Input records below:
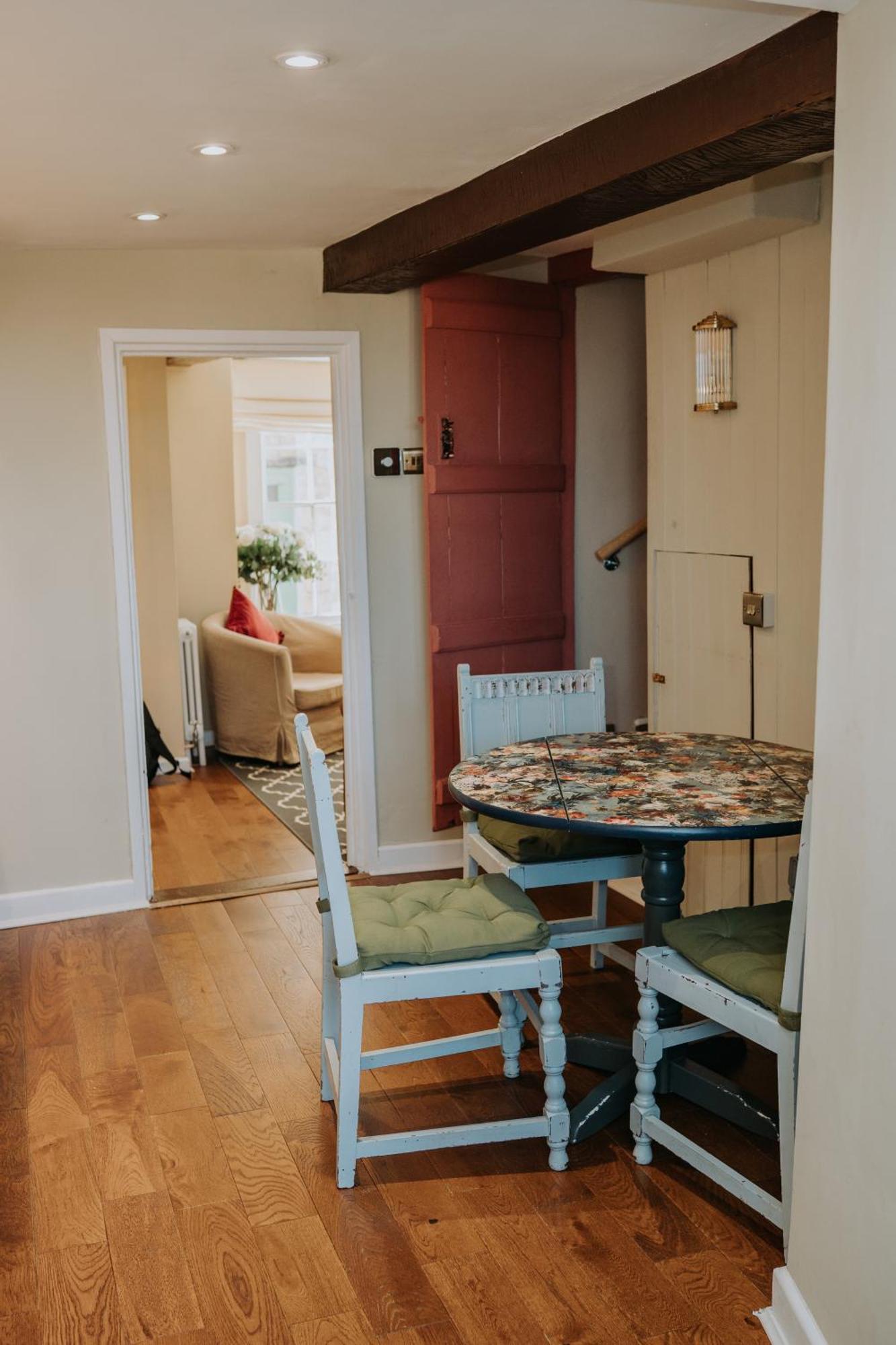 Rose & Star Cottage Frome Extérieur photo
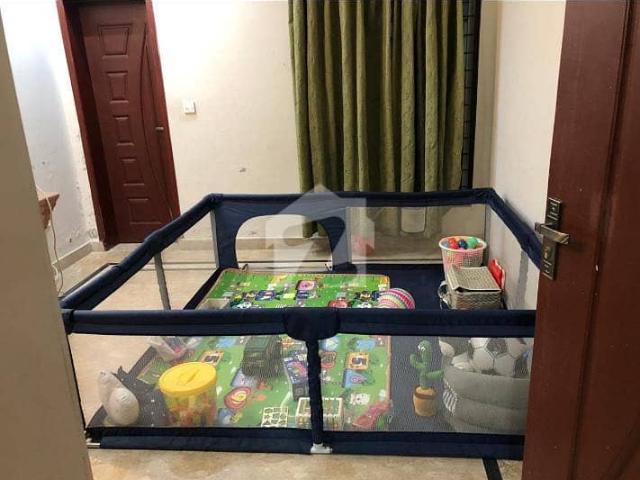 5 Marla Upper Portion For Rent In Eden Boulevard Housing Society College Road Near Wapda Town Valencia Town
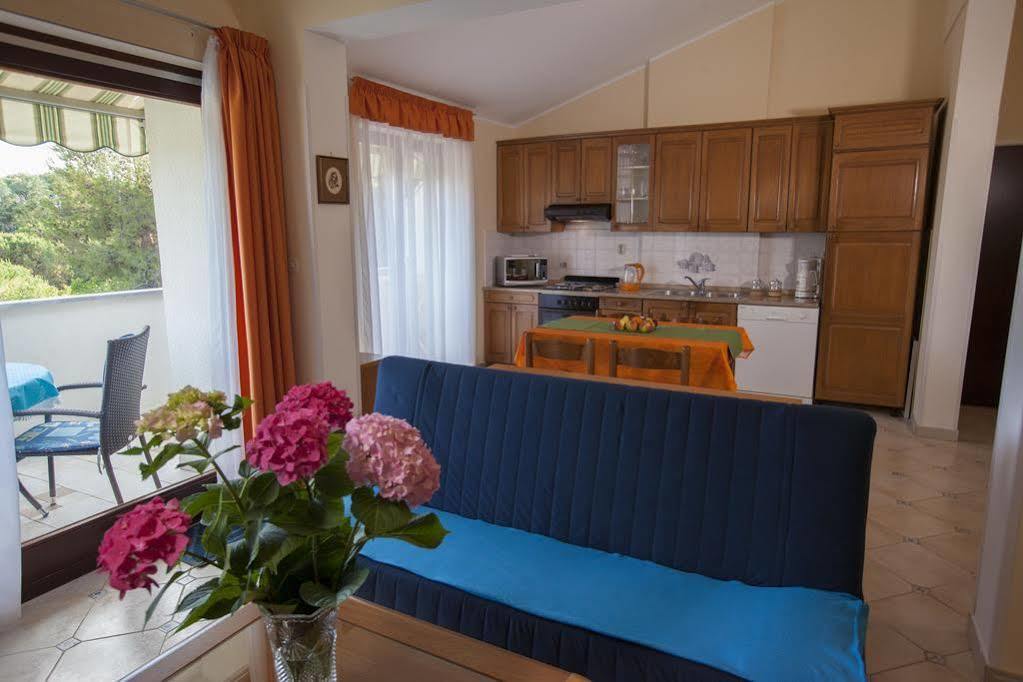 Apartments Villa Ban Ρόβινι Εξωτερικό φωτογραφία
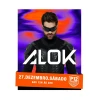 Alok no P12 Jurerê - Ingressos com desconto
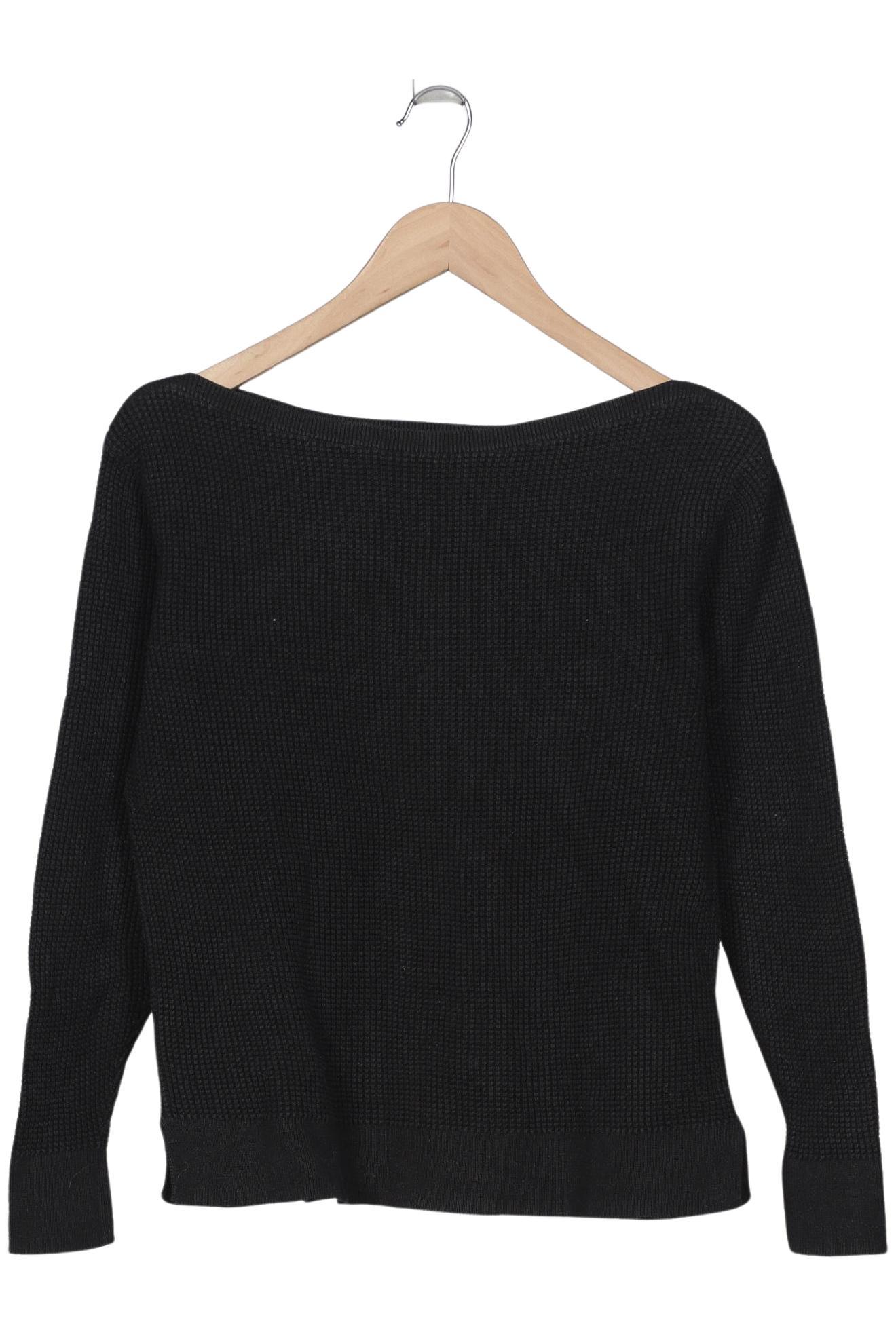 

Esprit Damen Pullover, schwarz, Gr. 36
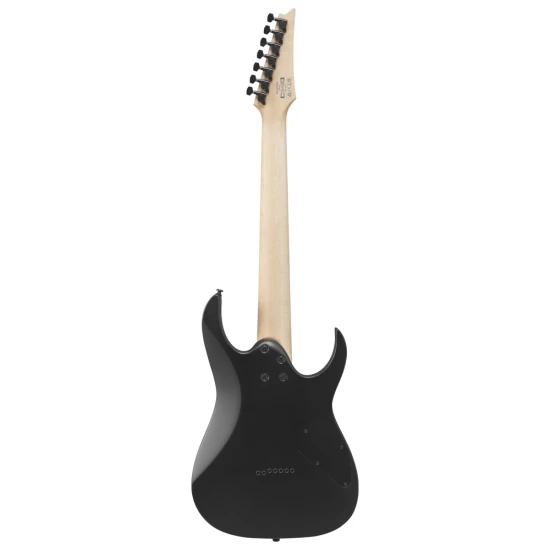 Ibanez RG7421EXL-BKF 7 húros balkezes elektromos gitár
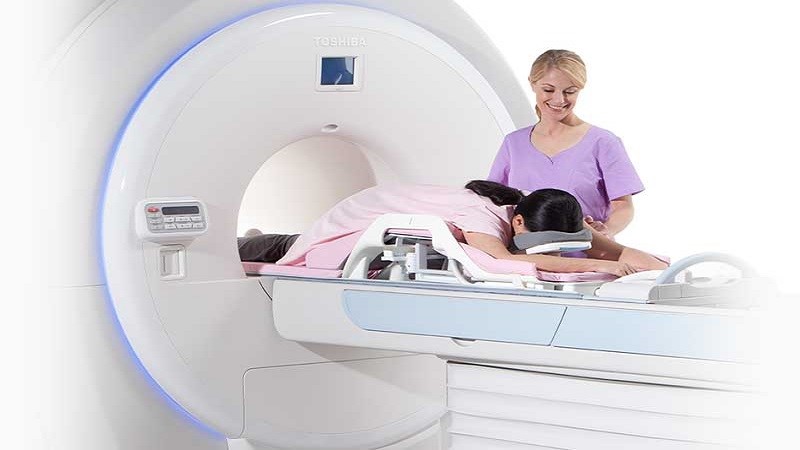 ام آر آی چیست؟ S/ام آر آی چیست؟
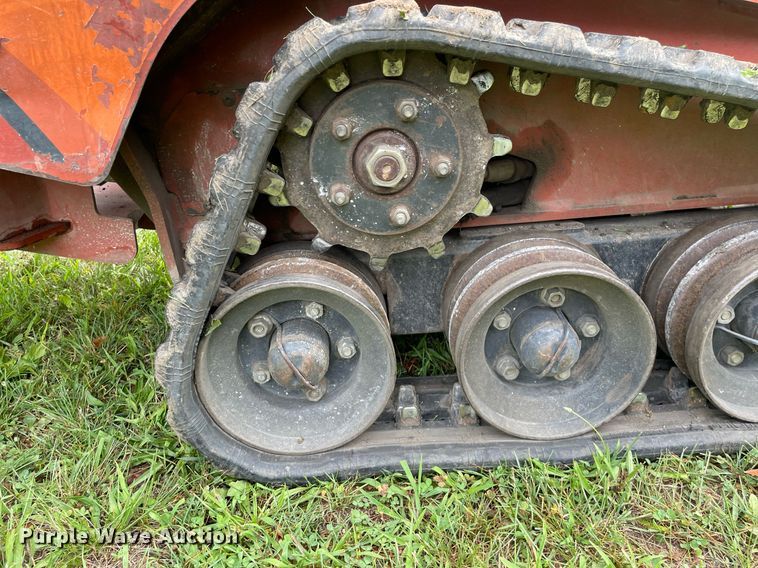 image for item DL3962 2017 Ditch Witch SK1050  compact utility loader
End of Input records.
_What is required:_
Would you output the data exactly, without any of its images?

_Response below:_
 Rose & Star Cottage Frome Extérieur photo
 5 Marla Upper Portion For Rent In Eden Boulevard Housing Society College Road Near Wapda Town Valencia Town
 Apartments Villa Ban Ρόβινι Εξωτερικό φωτογραφία
 Alok no P12 Jurerê - Ingressos com desconto

Esprit Damen Pullover, schwarz, Gr. 36
 Ibanez RG7421EXL-BKF 7 húros balkezes elektromos gitár
 ام آر آی چیست؟ S/ام آر آی چیست؟
 image for item DL3962 2017 Ditch Witch SK1050  compact utility loader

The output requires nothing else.